Stored data entries:
┏━━

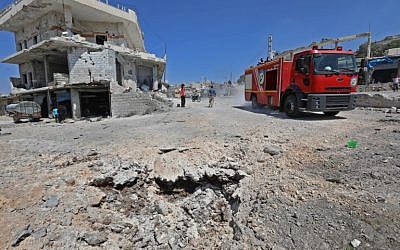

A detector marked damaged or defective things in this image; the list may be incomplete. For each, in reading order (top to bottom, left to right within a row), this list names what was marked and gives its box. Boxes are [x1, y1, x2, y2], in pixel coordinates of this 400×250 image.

damaged facade [0, 0, 166, 118]
broken wall [67, 47, 116, 84]
damaged road [0, 96, 398, 248]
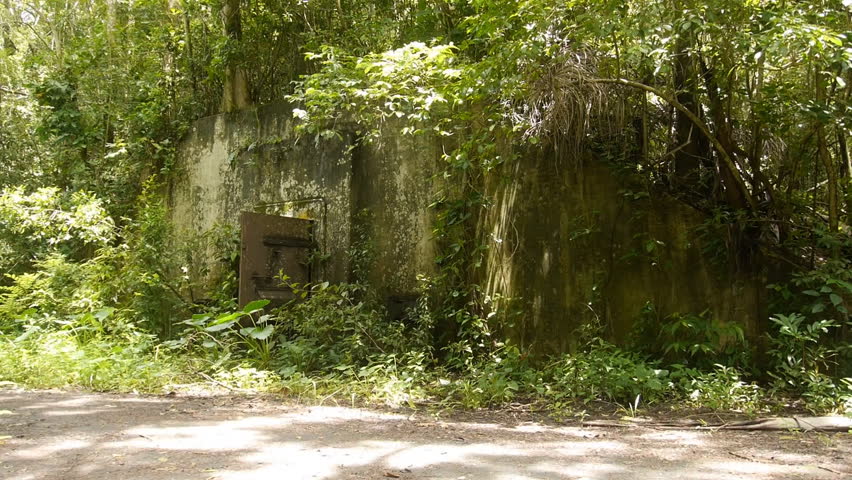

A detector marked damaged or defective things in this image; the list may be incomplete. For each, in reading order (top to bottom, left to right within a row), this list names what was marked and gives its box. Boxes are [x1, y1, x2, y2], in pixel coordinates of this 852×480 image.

┗━━

● **What the exercise asks**:
What is needed is an exact copy of every entry, with the pictures removed.

● **Reply to the exercise**:
A detector marked damaged or defective things in this image; the list may be incomplete. For each, in reading order (top to bottom, left to right within a row), this list names what was marked and gives its box. Boxes are [x1, y1, x2, y2], in pixel coordinates of this 400×250 image.

damaged facade [0, 0, 166, 118]
broken wall [67, 47, 116, 84]
damaged road [0, 96, 398, 248]

A detector marked damaged or defective things in this image; the list may be incomplete. For each, in reading order (top to bottom, left to right within a row), this list names what was marked and gives its box. Boxes are [x1, y1, x2, y2], in pixel coordinates of this 852×480 image.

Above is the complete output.